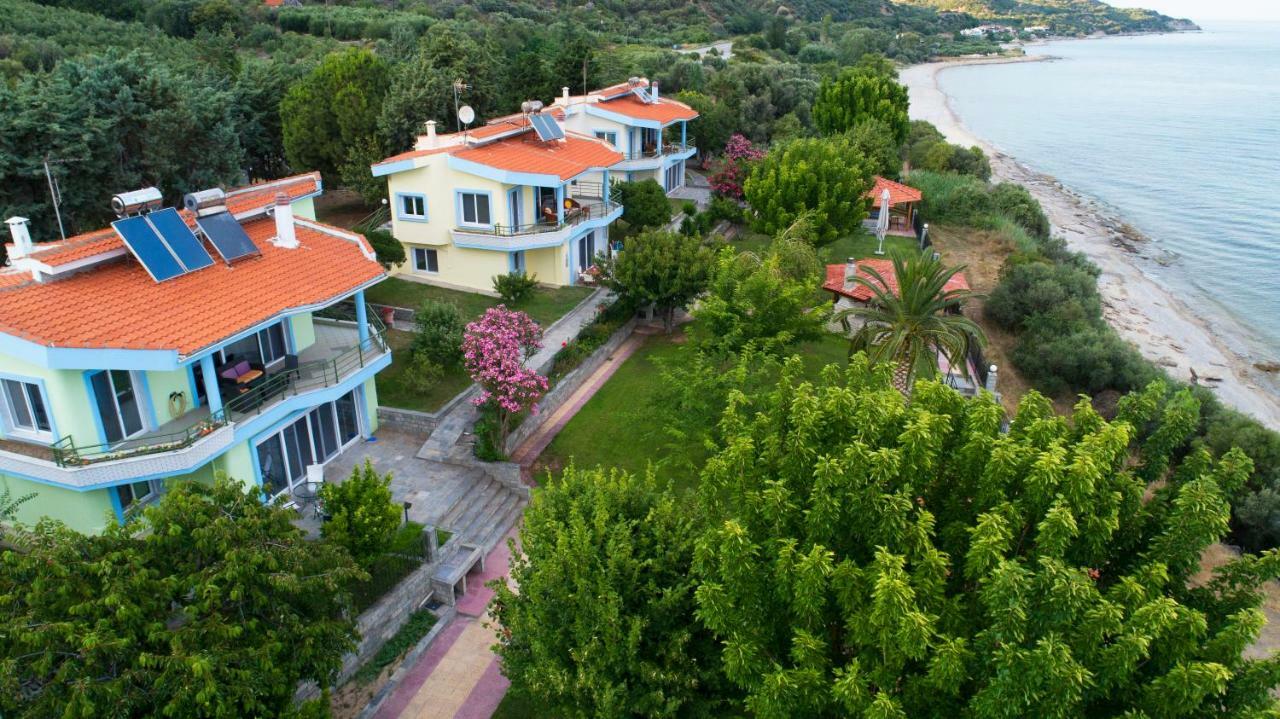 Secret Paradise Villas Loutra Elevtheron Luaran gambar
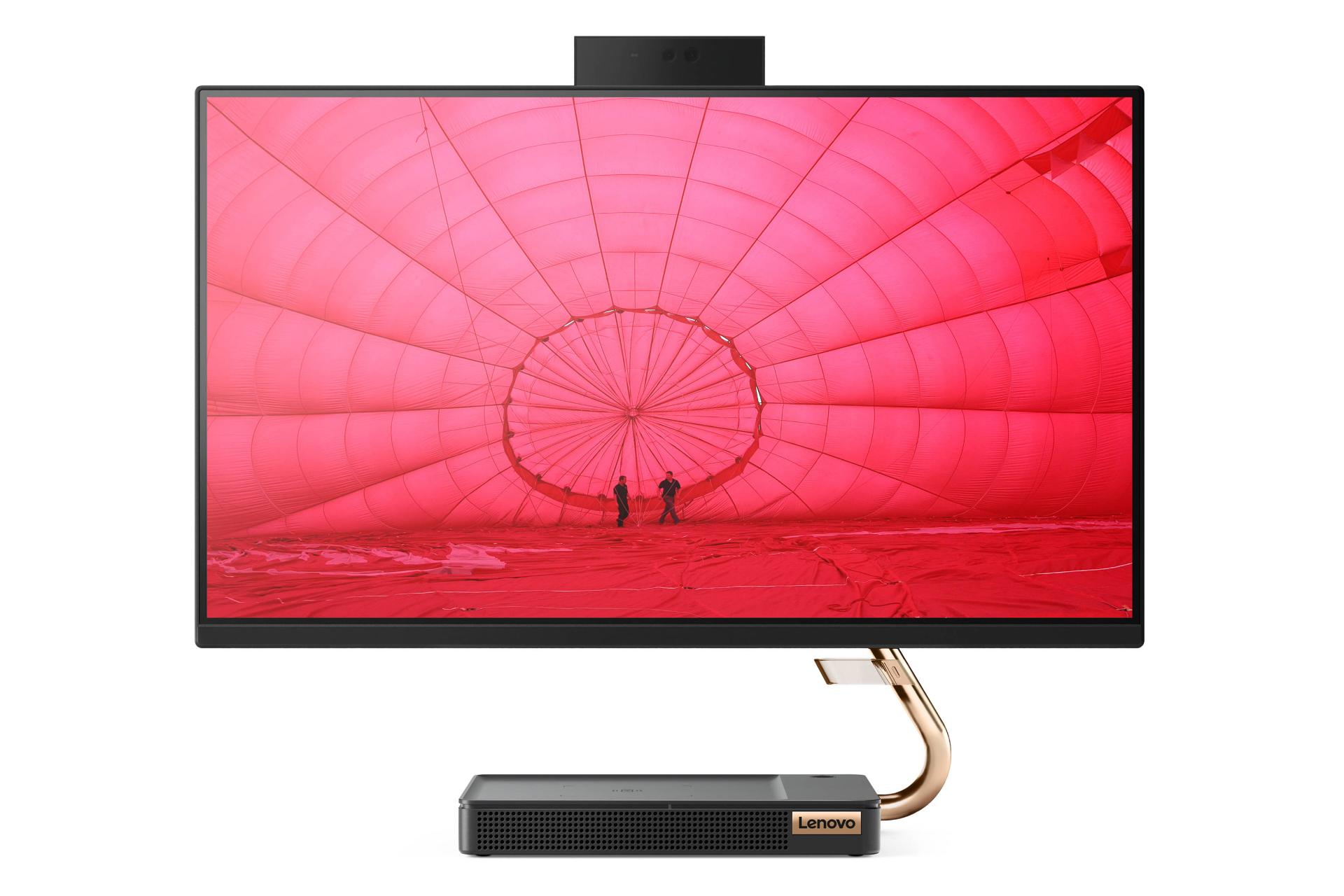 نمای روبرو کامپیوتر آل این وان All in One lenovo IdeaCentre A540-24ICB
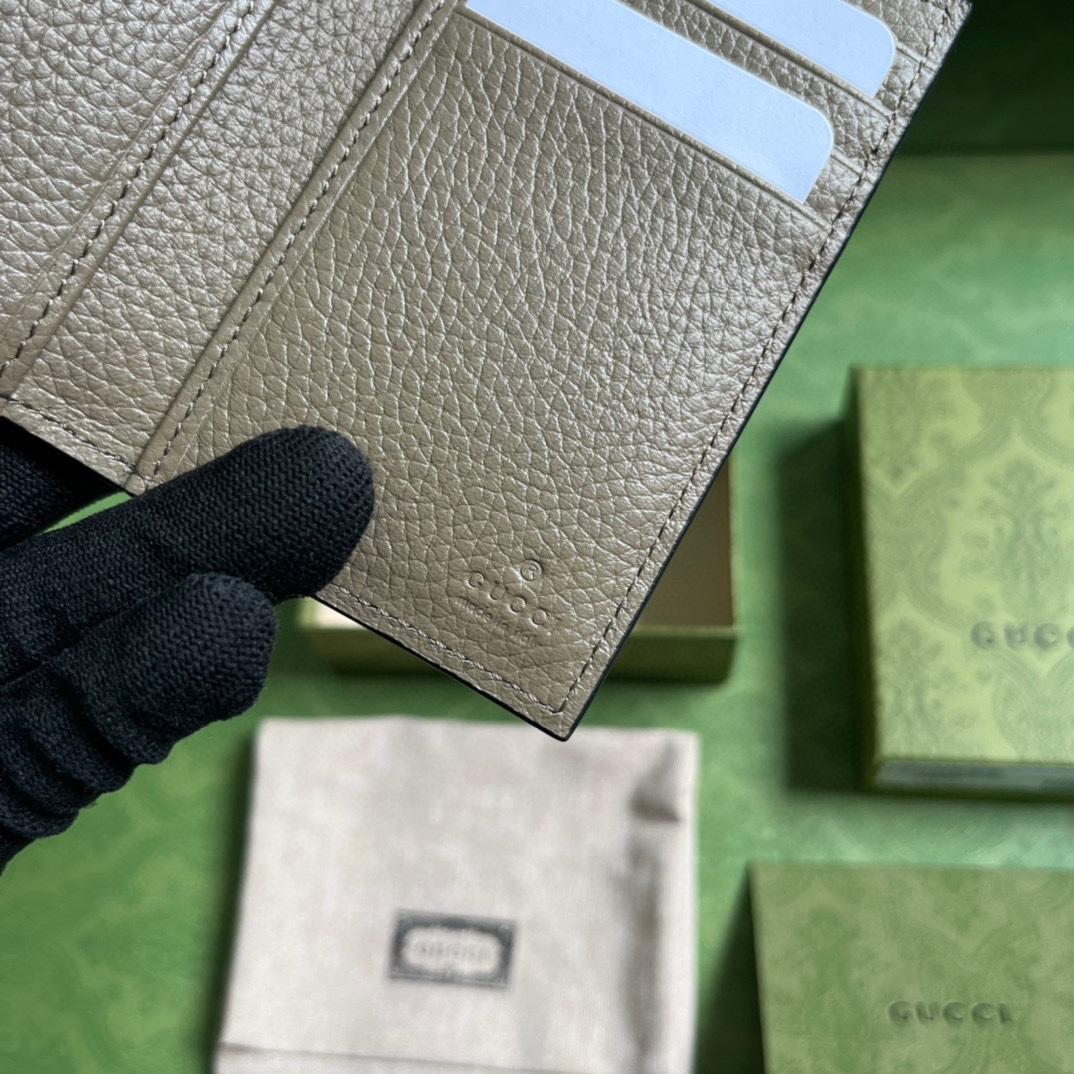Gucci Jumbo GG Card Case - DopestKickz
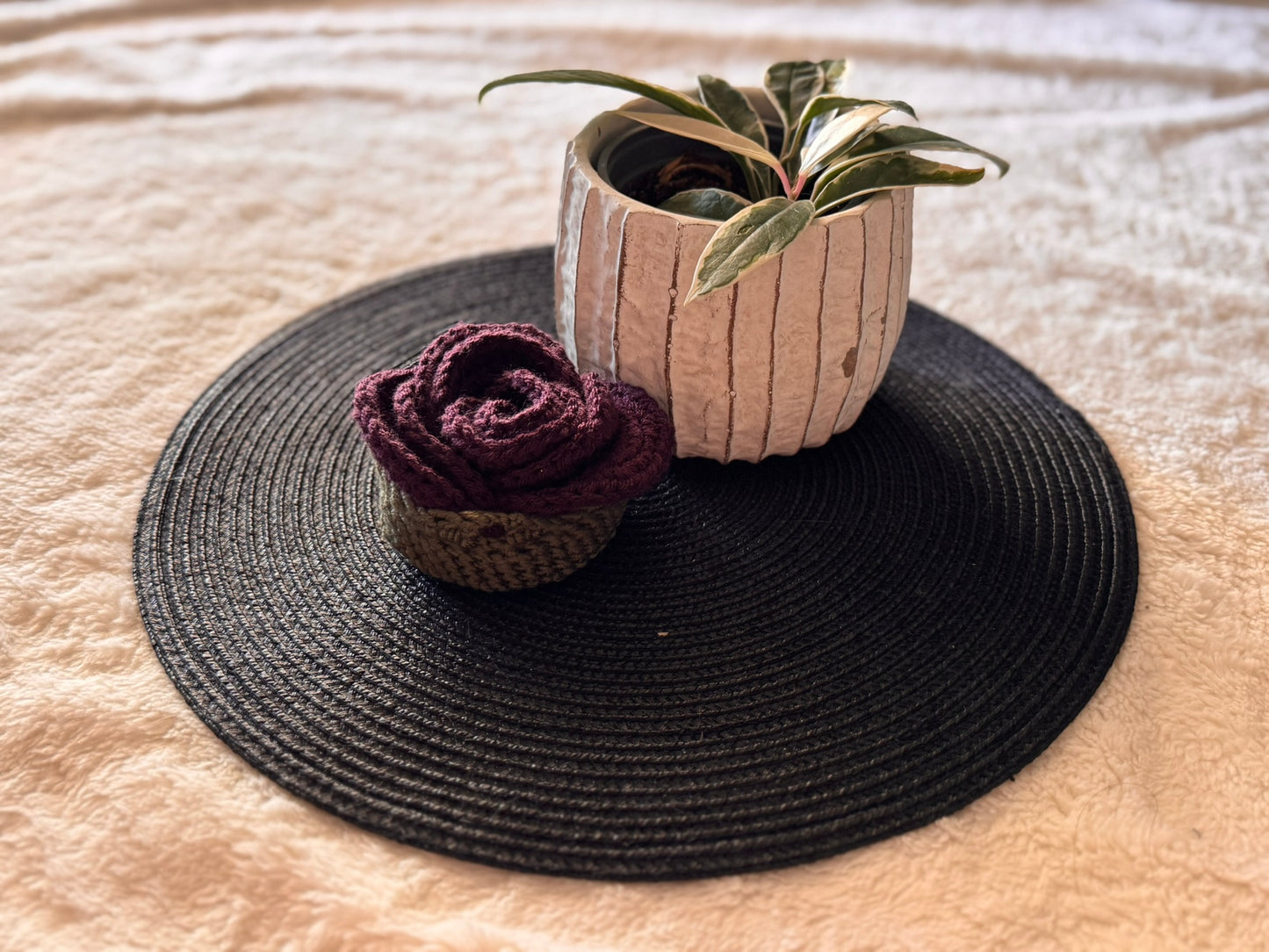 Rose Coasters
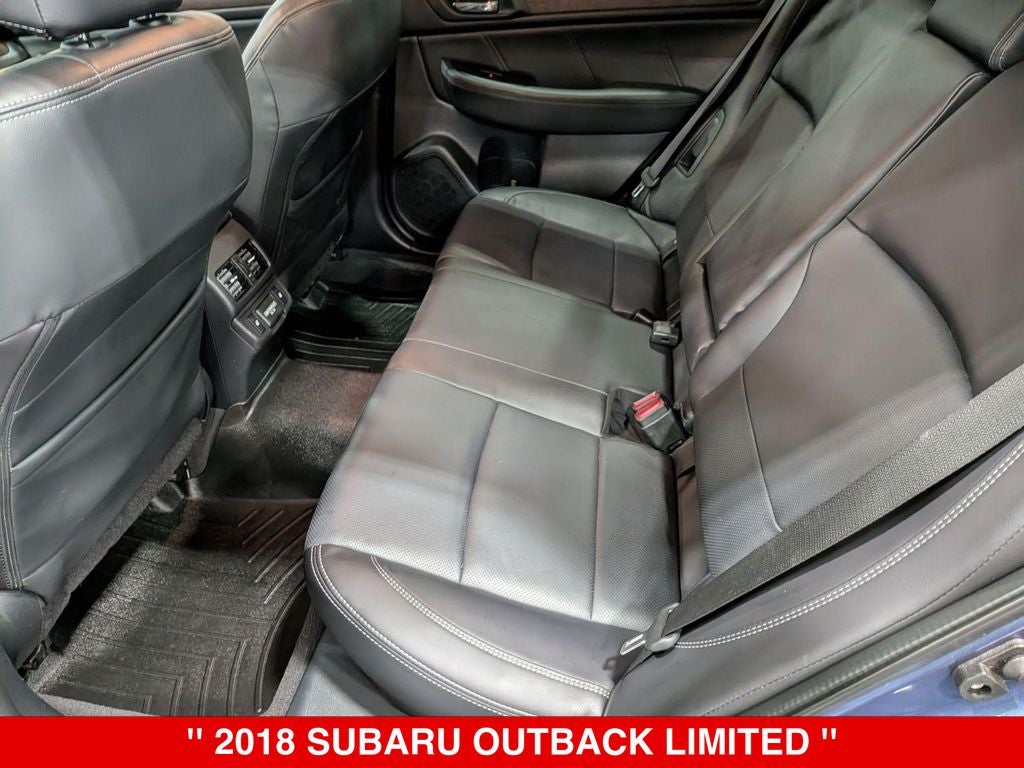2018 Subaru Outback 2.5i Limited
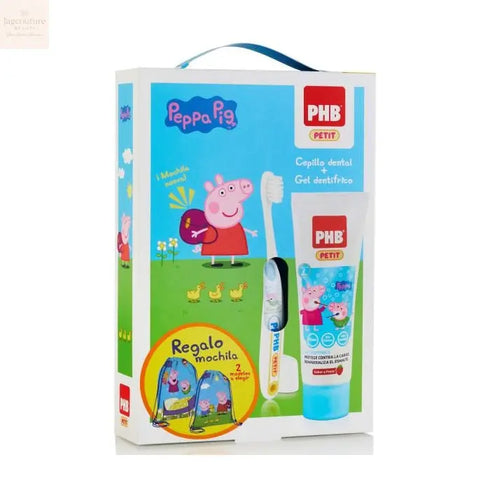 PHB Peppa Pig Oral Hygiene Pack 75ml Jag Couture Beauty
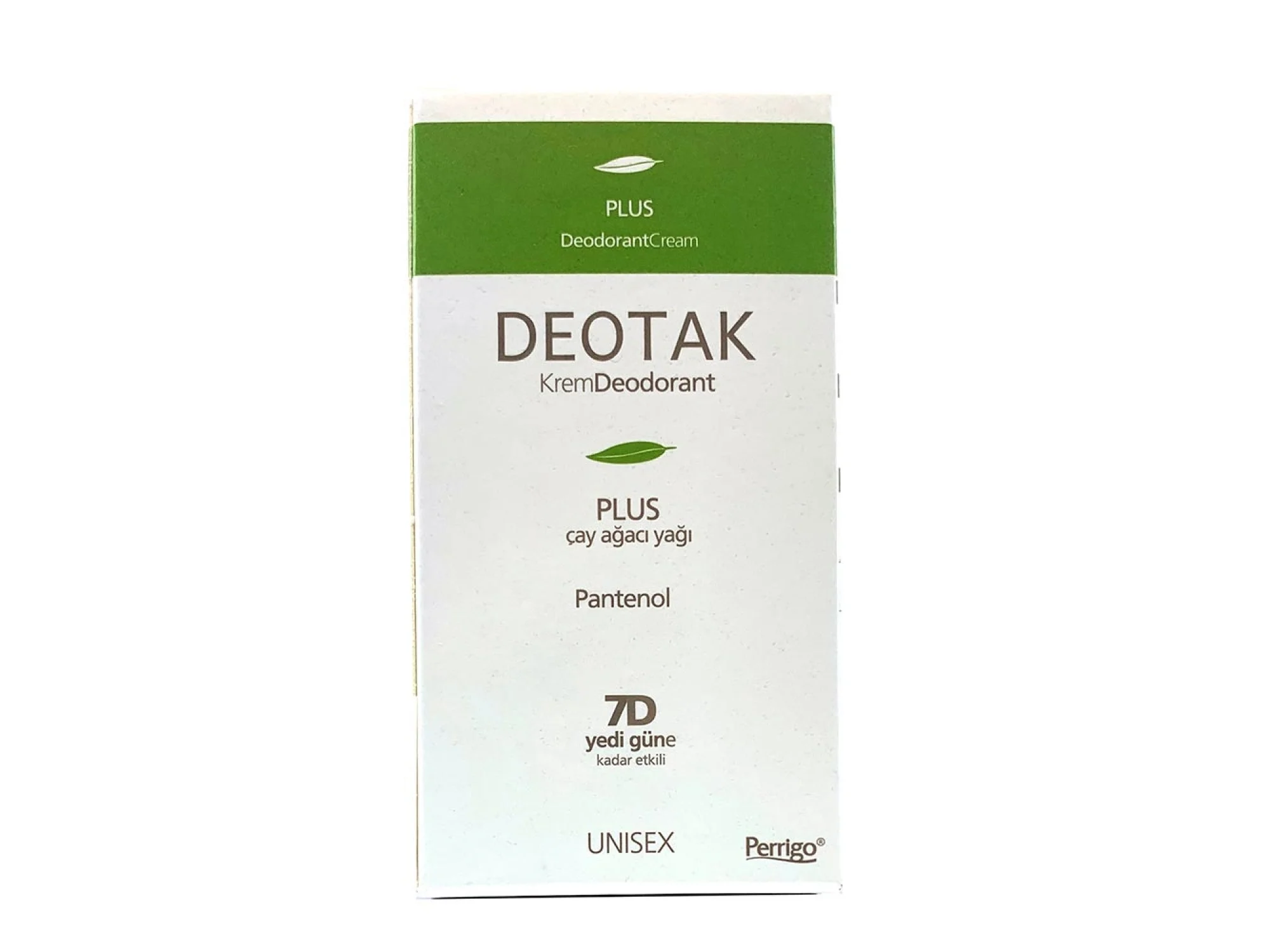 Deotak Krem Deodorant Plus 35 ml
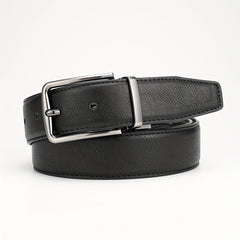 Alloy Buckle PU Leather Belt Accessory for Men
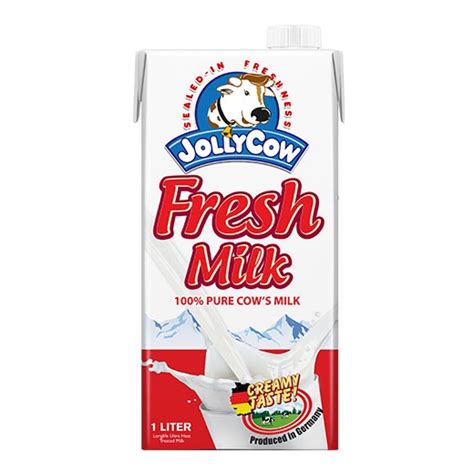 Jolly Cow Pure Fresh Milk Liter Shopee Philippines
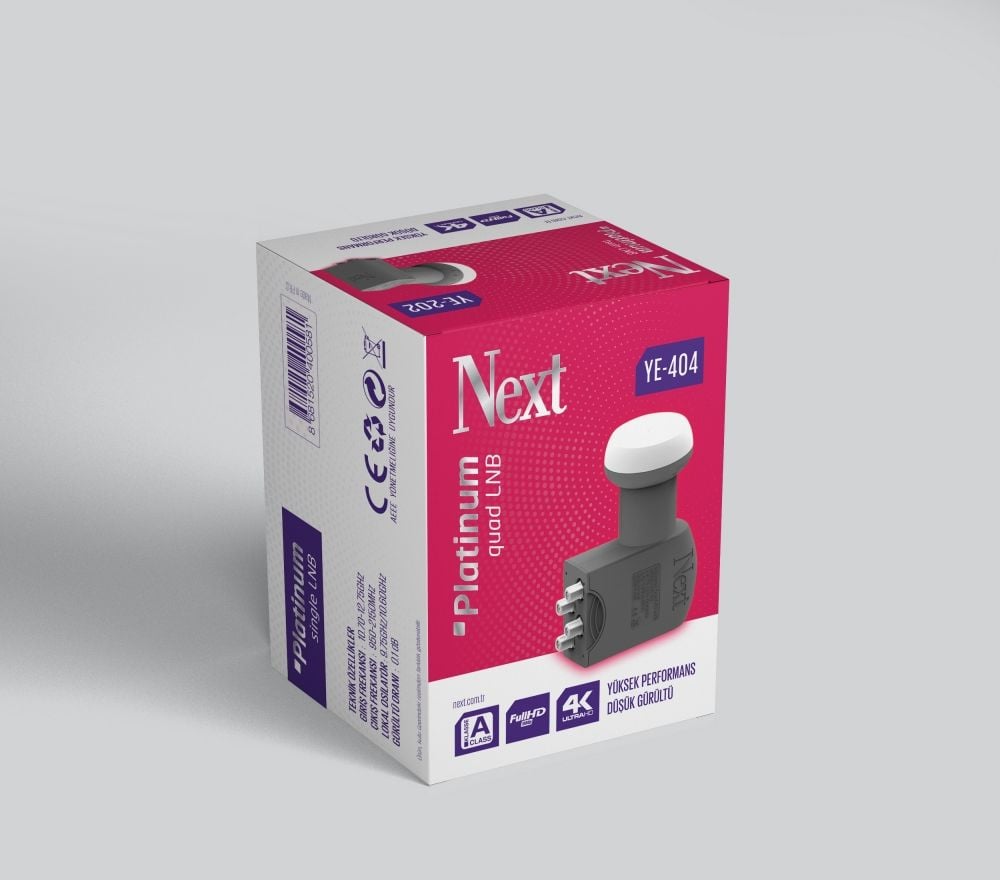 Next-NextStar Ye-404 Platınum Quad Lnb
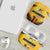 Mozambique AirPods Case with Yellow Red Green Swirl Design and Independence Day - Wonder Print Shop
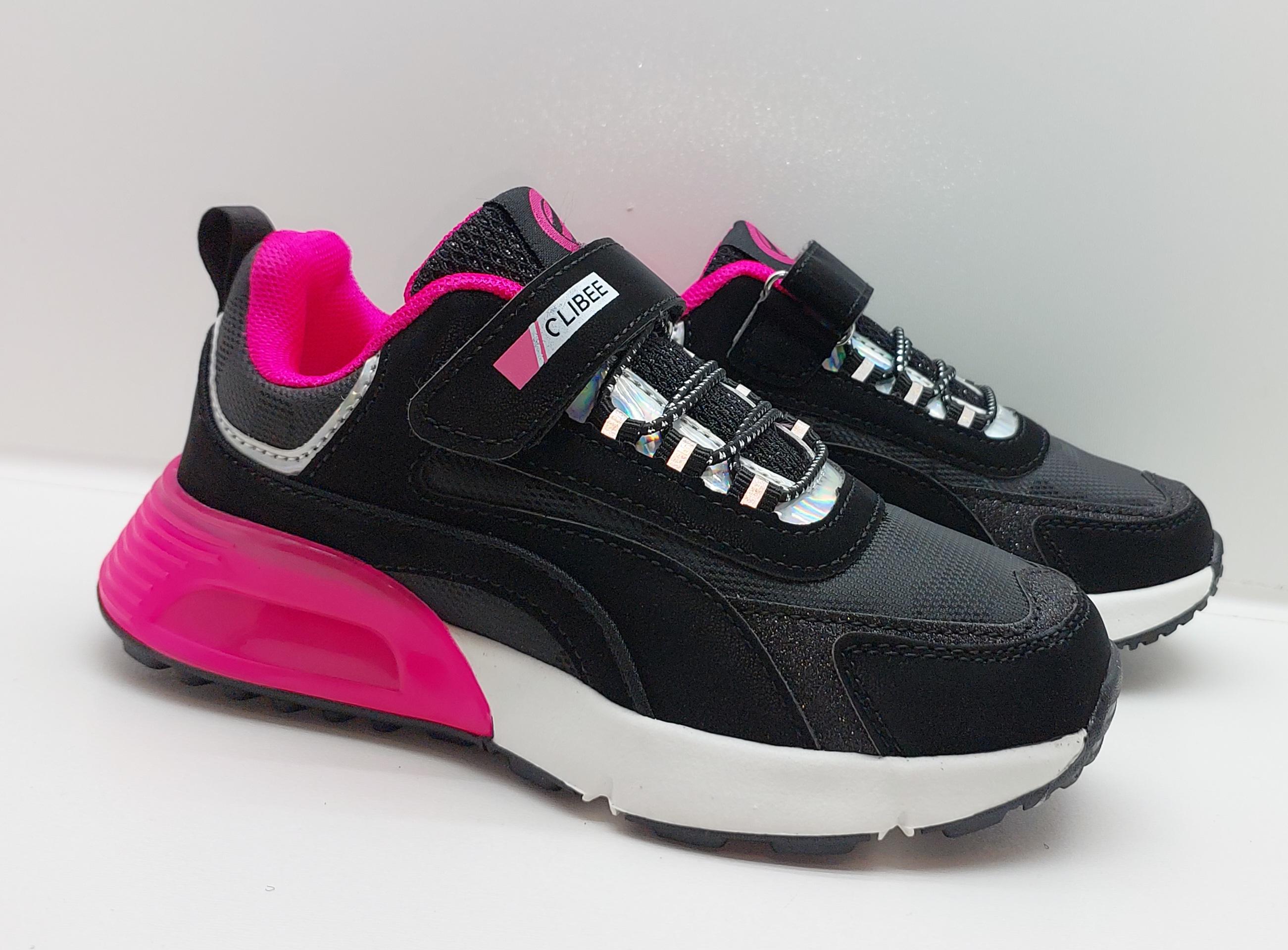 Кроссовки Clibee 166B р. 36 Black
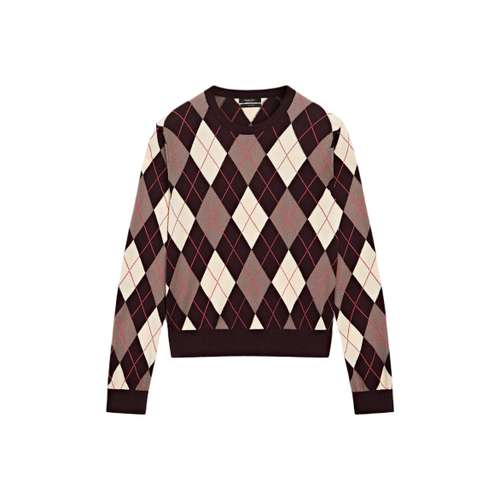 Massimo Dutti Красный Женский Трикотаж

******************************

■ WORK INSTRUCTION ■
Leave out all pictures and retype precisely the lines that run from the line containing "Mozambique AirPods Case" to the last line of the records.

■ EXPECTED ANSWER ■
 Mozambique AirPods Case with Yellow Red Green Swirl Design and Independence Day - Wonder Print Shop
 Кроссовки Clibee 166B р. 36 Black
 Massimo Dutti Красный Женский Трикотаж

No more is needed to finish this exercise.